** Directions for this task **
From the listing that follows, reproduce only the lines from the one holding "Mirror | WD Electronics" through the one holding "#2, Technodom.kz Дет.", both included, with no pictures.

** Source records **
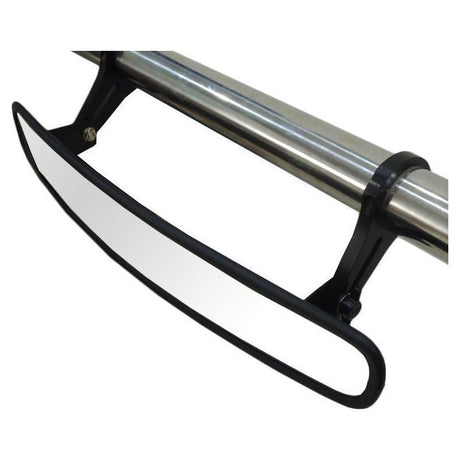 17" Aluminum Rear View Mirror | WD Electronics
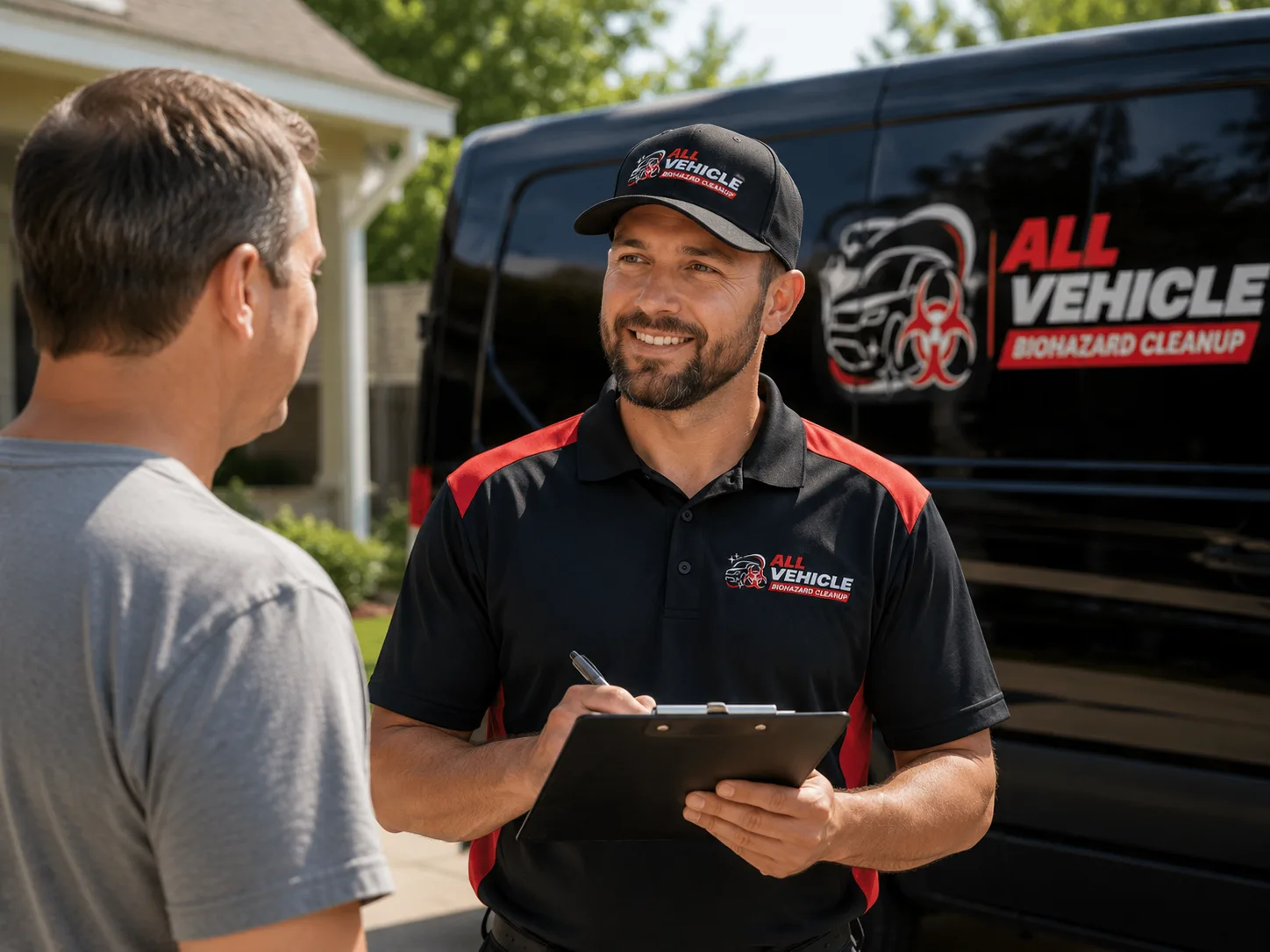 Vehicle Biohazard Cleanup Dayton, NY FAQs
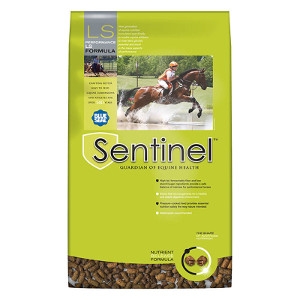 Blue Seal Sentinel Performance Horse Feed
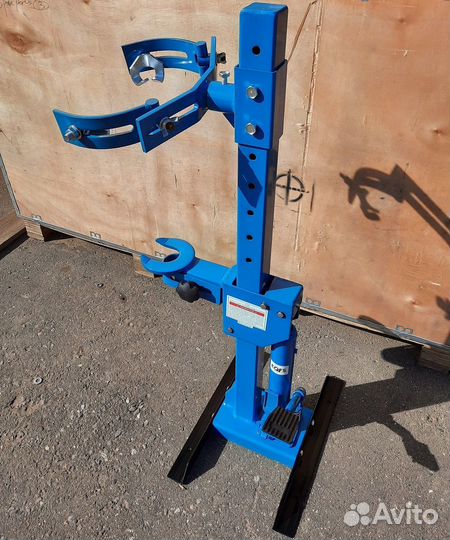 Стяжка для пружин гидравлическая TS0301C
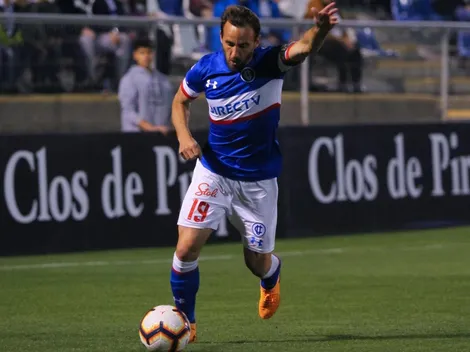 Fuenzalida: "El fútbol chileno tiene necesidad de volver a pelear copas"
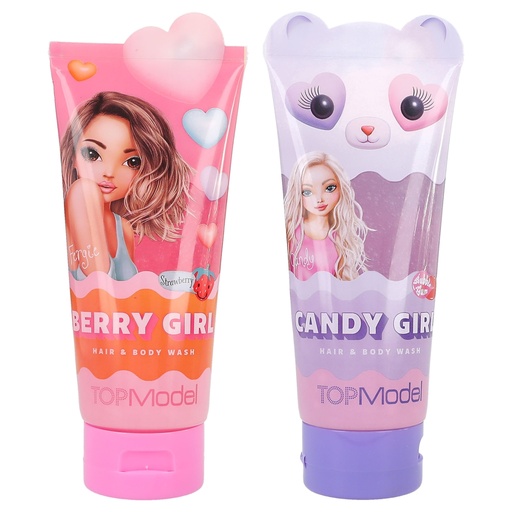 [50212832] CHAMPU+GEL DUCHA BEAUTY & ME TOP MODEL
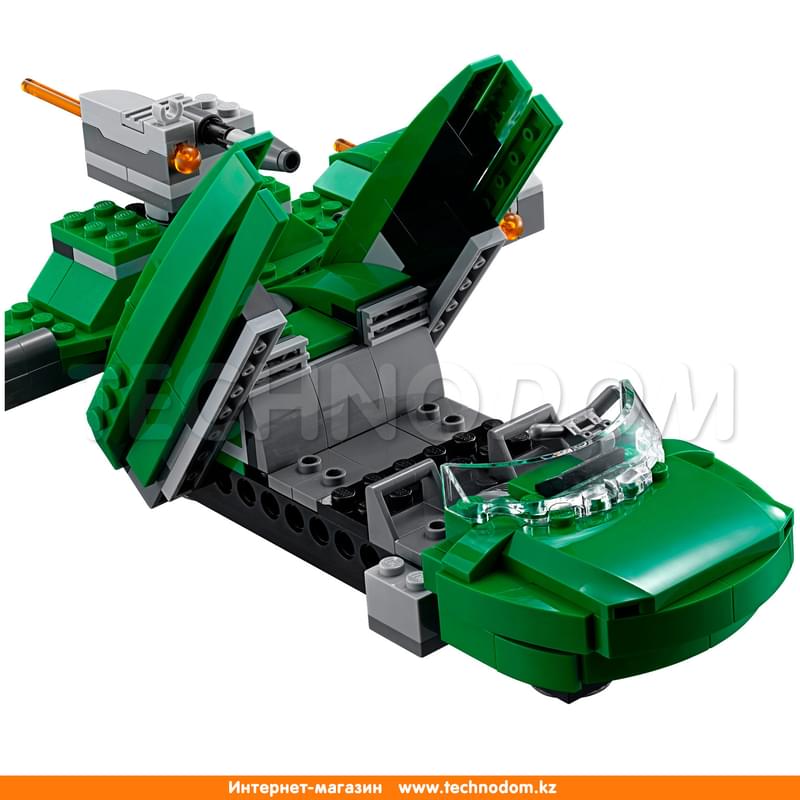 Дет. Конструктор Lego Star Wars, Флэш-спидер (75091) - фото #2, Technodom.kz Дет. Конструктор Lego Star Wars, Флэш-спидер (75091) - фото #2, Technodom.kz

==

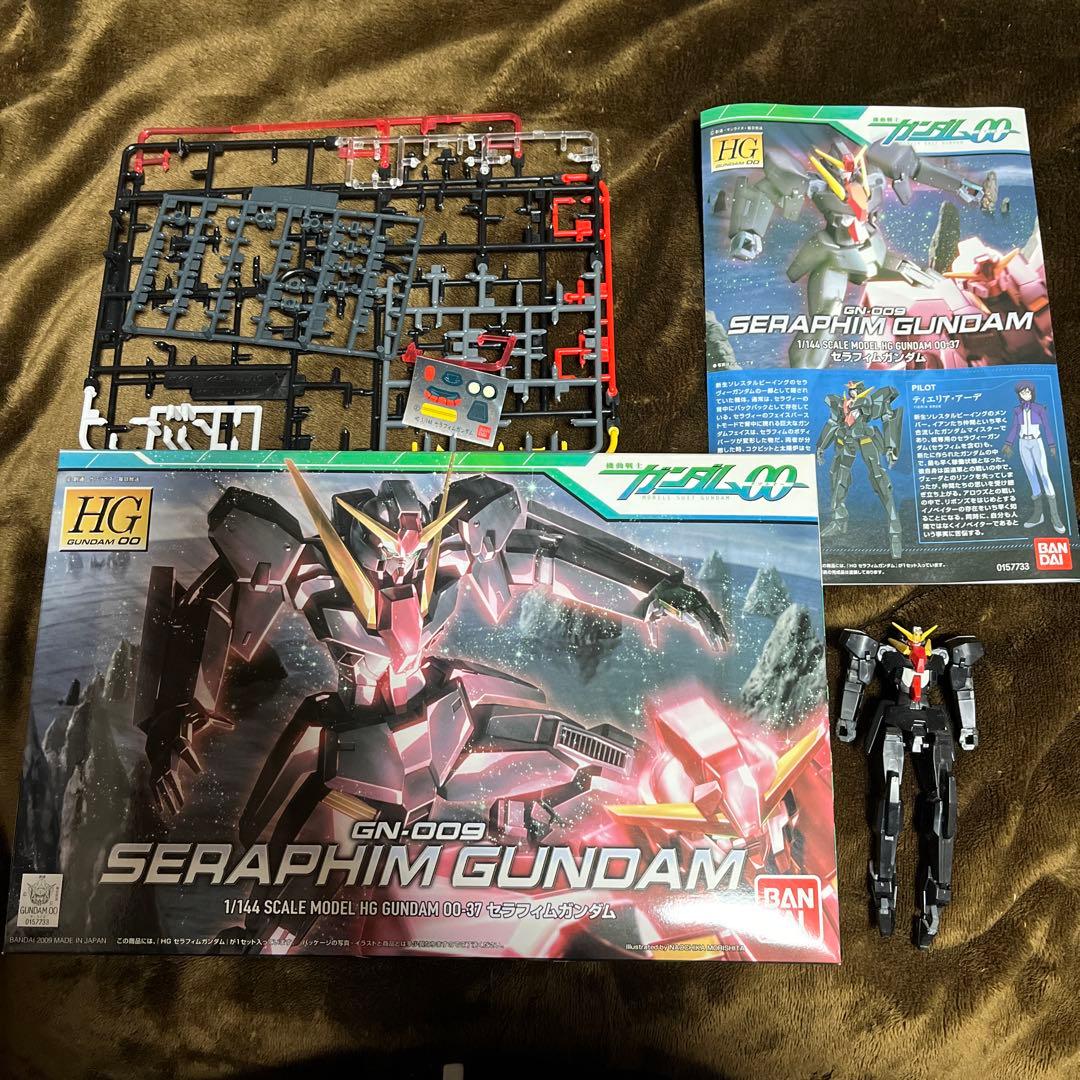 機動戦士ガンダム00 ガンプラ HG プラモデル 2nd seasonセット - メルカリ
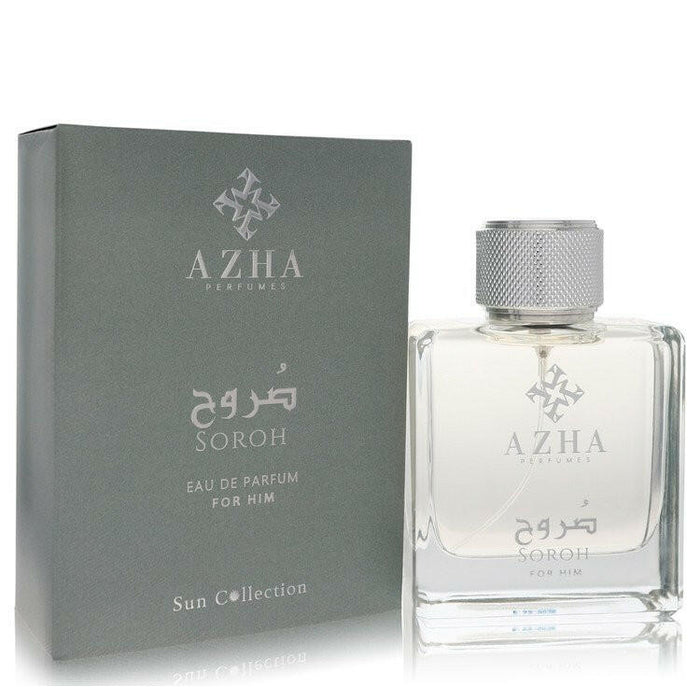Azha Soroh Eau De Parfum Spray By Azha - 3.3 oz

** Solution below **
 17" Aluminum Rear View Mirror | WD Electronics
 Vehicle Biohazard Cleanup Dayton, NY FAQs
 Blue Seal Sentinel Performance Horse Feed
 Стяжка для пружин гидравлическая TS0301C
 Fuenzalida: "El fútbol chileno tiene necesidad de volver a pelear copas"
 [50212832] CHAMPU+GEL DUCHA BEAUTY & ME TOP MODEL
 Дет. Конструктор Lego Star Wars, Флэш-спидер (75091) - фото #2, Technodom.kz Дет. Конструктор Lego Star Wars, Флэш-спидер (75091) - фото #2, Technodom.kz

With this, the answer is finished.